Entries taken from a collection

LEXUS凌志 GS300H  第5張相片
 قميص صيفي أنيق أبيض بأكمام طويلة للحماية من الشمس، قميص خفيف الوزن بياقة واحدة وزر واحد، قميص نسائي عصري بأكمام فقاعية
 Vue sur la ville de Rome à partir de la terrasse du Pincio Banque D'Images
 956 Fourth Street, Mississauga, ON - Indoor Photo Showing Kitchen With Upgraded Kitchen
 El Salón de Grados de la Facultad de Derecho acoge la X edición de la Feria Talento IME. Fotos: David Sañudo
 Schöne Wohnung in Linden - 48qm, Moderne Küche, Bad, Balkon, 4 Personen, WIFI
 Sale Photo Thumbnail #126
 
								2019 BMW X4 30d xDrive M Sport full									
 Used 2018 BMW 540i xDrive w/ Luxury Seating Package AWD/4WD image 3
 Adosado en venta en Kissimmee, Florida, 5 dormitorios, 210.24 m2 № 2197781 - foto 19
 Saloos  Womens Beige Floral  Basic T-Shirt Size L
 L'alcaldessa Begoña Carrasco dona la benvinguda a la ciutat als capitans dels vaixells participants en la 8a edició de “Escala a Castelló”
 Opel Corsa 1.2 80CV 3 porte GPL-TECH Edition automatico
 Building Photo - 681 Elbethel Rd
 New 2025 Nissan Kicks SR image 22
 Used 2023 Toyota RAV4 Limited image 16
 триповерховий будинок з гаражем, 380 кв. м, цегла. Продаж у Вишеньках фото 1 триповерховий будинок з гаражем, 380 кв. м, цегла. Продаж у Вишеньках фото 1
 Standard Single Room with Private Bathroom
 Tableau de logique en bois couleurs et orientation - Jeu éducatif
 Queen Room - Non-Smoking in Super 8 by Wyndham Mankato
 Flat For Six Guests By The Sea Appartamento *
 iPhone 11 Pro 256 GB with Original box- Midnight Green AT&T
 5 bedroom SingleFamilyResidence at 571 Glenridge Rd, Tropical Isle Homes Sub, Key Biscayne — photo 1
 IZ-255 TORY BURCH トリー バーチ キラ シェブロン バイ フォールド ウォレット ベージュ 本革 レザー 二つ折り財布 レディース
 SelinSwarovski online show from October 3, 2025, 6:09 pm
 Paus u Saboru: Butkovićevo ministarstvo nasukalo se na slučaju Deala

TRY IT - Check each line of the entries for "Used" and copy those that have it.

RESPONSE TO THE EXERCISE -
 Used 2018 BMW 540i xDrive w/ Luxury Seating Package AWD/4WD image 3
 Used 2023 Toyota RAV4 Limited image 16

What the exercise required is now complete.